Data for processing:
━━━━━━━━━━━━━━━━━━━━

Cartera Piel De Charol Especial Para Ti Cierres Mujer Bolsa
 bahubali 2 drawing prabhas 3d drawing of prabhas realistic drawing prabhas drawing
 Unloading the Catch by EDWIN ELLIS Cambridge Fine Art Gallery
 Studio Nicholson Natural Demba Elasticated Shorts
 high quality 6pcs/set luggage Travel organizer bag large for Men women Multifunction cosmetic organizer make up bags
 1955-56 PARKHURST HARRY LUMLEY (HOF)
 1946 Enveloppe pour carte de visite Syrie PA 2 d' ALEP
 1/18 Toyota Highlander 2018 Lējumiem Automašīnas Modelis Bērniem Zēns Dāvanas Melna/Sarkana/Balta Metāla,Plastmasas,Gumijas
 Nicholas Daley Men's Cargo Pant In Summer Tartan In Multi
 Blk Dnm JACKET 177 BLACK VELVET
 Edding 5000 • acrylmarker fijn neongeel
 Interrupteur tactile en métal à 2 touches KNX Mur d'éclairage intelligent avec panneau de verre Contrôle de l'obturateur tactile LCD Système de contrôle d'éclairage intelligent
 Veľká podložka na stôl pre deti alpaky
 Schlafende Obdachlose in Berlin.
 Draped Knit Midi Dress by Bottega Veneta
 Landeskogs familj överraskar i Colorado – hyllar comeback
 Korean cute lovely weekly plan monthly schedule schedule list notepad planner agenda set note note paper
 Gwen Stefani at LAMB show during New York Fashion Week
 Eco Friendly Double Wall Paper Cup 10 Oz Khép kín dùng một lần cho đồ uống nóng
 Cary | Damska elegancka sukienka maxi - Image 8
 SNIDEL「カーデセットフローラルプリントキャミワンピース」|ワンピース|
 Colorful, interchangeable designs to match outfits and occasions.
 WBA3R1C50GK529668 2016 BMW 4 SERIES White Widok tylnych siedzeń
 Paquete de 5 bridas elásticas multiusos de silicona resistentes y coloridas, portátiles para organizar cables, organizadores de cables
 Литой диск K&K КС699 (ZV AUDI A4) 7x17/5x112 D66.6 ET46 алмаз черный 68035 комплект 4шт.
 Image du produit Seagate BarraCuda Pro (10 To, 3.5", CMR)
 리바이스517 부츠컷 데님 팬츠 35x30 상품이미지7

━━━━━━━━━━━━━━━━━━━━

Task statement:
Copy every line of the entries above in which "Image" occurs.

Finished task:
 Cary | Damska elegancka sukienka maxi - Image 8
 Image du produit Seagate BarraCuda Pro (10 To, 3.5", CMR)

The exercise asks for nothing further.